* Work to complete:
Give back, unaltered, the lines from the one with "8345 Jett Ferry" to the end of the material, omitting pictures.

* Exercise data:
/---

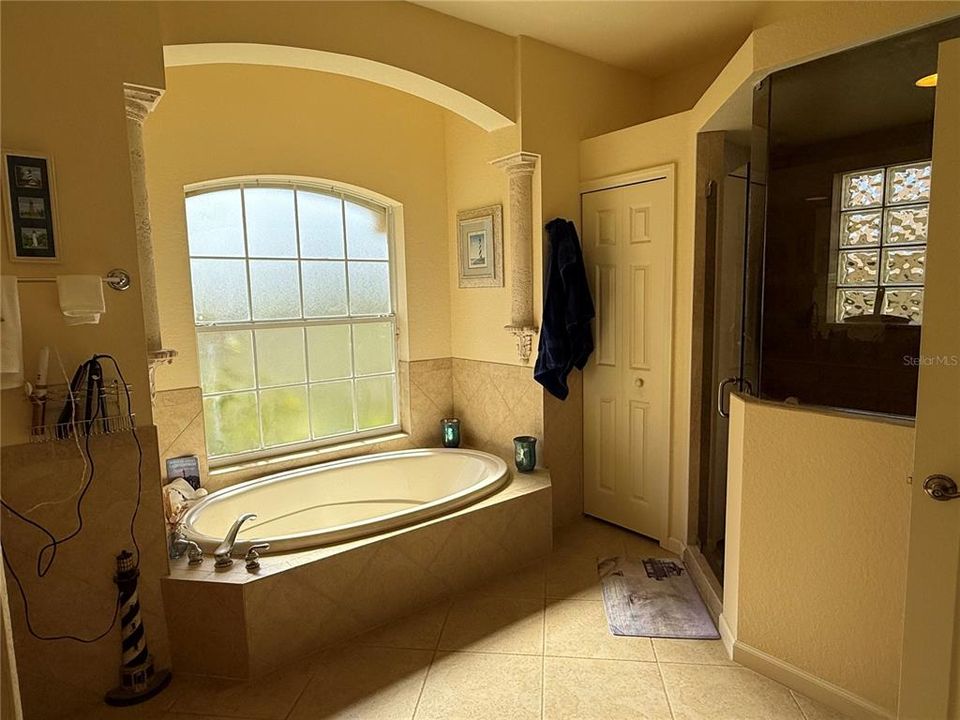 Garden tub  and linen closet in Owner's Suite bathroom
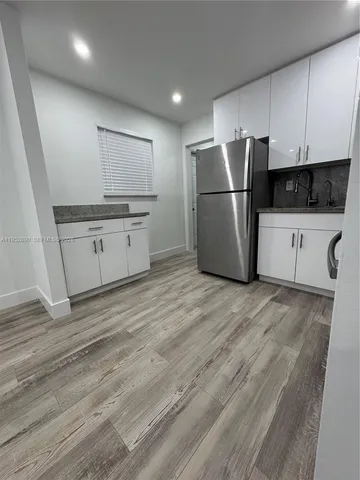 a kitchen with stainless steel appliances a refrigerator sink and white cabinets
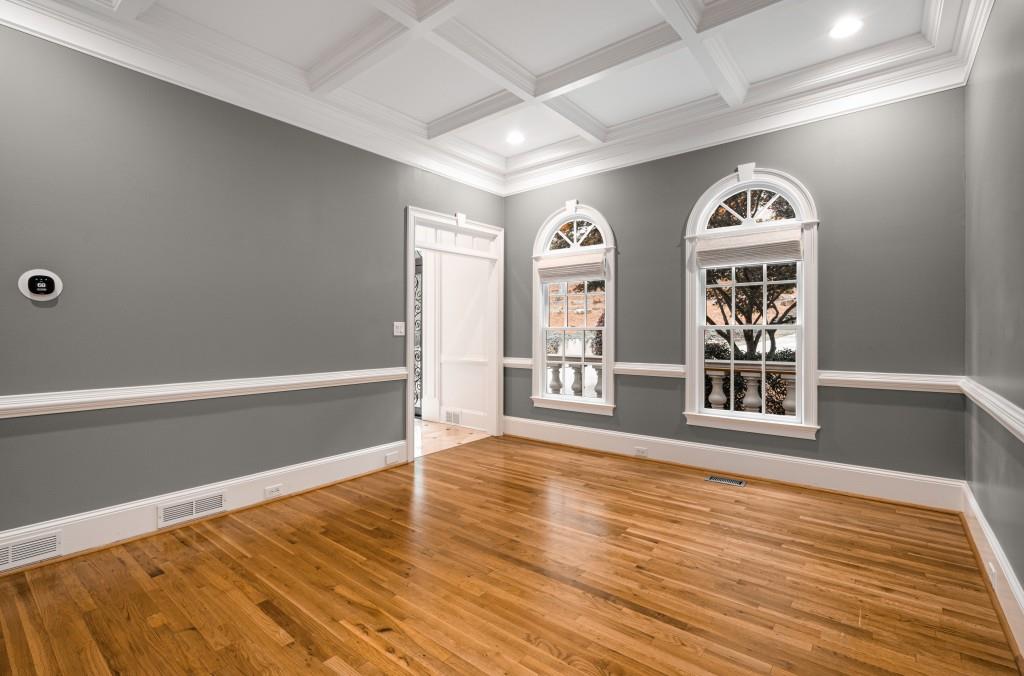 8345 Jett Ferry Road Sandy Springs, GA 30350 - Photo 8 of 61 a view of an empty room with wooden floor and window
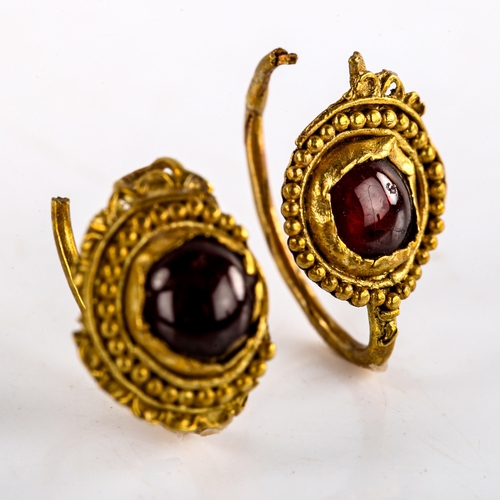 539 - A pair of Roman unmarked gold cabochon garnet earrings, beaded and lobed circular medallions, allege...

\---

* Result of the task:
 8345 Jett Ferry Road Sandy Springs, GA 30350 - Photo 8 of 61 a view of an empty room with wooden floor and window
 539 - A pair of Roman unmarked gold cabochon garnet earrings, beaded and lobed circular medallions, allege...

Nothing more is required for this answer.